Despair was in her heart. So remote, so utterly unfriended, she knew not where to look for hope or remedy. Cursed and proscribed in the thick of enemies, no self-confession that she might venture but must prove her worst damnation. Outlawed herself, she was the natural prey to outlaws. To reveal her identity were to forgo the smallest consideration a threat of vengeful justice might otherwise perhaps enforce—were to unmuzzle these ravening beasts finally and effectively. And yet she dared not threaten justice, lest passions so reckless should be fired thereby to instant retaliation.
She could only pray to her gods in a dumb agony of supplication to contrive some means for their escape; for herself she could think of no possible way, unless at the last to snatch death from some ill-guarded weapon.
What long torture of mind she endured while sitting there facing her brutal captors, awaiting the Cuckoo’s return and thereafter the final struggle, one may imagine in a measure. A suffocating lump seemed to rise in her throat when at length she heard his footsteps on the twig-strewn turf, and her arm tightened convulsively about her boy.

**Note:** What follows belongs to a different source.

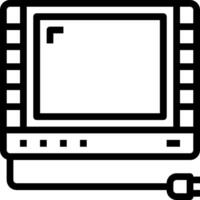 A black and white image of a computer monitor vector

The returned ruffian, when he hove into sight, had been obviously priming himself for the affray. He was not drunk, but his huge cheeks were blistered red and a fire blinked in his eyes. He carried over his shoulder a net containing a jar of sack and a couple of curved drinking-horns, and, striding across to his comrades, he bent, with a fierce inquiring oath, to sling his burden to the grass. As he thus stooped, Jake and the Kite, standing on either side of him, drove each a sudden knife, handle-deep, into the thick of his neck. The monster, with one slobbering choke, heaved forward and went down like an ox. His fingers raked, his legs jerked for a little, and then the whole welter relaxed and subsided. Simultaneously with its cessation of movement the two murderers, as if by one impulse, made for the wine-jar. Their hands were shaking, their cheeks spotted with white. They spilled as much as they gained, but each in the end succeeded in gulping a hornful between his chattering teeth. And then!——
The woods echoed with their screeches; they writhed like scalded snakes upon the grass. For the Cuckoo, coveting not a half but the whole of the spoil, had gone even a step further than his confederates, and had poisoned the wine he brought them with some swift corrosive acid snatched up from the “Chequers” harness-room.
Was the biter bit ever mangled with a longer tooth? The pale Queen, risen throughout this bloody drama, watching half-paralysed its course, with but reason enough left to hold the child’s face hidden from it, was even minutes in guessing the truth. But when at length she realised it, with a sob of thankfulness she seized her boy’s hand, and, avoiding those prostrate, faintly-gasping horrors, fled deep and deeper into the forest, until, as history relates, she found that chivalrous one whose generosity was to obtain her means to cross the water.